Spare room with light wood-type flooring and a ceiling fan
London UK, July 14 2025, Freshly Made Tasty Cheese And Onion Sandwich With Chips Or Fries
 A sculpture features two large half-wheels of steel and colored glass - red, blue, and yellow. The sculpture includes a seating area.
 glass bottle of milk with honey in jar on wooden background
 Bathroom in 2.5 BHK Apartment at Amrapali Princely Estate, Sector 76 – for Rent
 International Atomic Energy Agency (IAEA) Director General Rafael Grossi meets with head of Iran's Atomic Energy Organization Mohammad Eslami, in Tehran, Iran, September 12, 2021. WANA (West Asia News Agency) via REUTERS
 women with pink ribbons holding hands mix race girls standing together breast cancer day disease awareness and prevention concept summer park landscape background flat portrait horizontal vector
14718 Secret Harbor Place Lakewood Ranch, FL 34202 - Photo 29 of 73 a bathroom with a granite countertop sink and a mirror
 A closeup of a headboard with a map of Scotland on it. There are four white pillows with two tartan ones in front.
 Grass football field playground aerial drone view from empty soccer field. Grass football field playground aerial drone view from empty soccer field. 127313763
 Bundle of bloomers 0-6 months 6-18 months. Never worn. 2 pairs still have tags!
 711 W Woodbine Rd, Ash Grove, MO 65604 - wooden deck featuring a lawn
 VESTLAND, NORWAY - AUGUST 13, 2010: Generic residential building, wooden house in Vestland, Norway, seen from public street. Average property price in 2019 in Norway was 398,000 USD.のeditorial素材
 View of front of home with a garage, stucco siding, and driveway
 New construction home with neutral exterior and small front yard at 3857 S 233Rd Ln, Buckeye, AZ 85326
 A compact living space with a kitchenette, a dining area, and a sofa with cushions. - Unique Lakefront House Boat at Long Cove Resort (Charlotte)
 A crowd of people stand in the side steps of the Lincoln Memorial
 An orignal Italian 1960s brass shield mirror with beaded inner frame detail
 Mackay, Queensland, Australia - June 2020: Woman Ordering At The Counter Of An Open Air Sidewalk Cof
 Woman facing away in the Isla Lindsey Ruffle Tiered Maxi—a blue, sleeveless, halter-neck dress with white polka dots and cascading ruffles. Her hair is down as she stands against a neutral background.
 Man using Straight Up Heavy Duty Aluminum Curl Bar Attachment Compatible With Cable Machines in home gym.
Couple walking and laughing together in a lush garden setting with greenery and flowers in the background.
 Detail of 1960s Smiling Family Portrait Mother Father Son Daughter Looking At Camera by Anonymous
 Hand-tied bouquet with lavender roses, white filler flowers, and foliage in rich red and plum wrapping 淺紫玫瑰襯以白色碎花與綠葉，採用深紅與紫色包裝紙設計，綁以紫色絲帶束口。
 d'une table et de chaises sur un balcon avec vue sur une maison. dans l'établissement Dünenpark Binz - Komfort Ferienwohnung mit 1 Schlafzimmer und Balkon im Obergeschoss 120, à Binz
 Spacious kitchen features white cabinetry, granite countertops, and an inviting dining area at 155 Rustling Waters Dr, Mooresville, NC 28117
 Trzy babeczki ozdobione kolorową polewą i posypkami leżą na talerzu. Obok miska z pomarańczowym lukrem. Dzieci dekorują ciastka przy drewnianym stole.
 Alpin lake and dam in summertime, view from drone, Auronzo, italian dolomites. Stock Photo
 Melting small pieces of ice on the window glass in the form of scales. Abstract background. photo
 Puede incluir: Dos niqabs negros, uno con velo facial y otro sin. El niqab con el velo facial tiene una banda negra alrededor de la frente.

§ Aim of the task
In the entries above, find the line with "VESTLAND, NORWAY - AUGUST" and the line with "A crowd of people", then set down exactly those two and every line between them, nothing else.

§ Solution
 VESTLAND, NORWAY - AUGUST 13, 2010: Generic residential building, wooden house in Vestland, Norway, seen from public street. Average property price in 2019 in Norway was 398,000 USD.のeditorial素材
 View of front of home with a garage, stucco siding, and driveway
 New construction home with neutral exterior and small front yard at 3857 S 233Rd Ln, Buckeye, AZ 85326
 A compact living space with a kitchenette, a dining area, and a sofa with cushions. - Unique Lakefront House Boat at Long Cove Resort (Charlotte)
 A crowd of people stand in the side steps of the Lincoln Memorial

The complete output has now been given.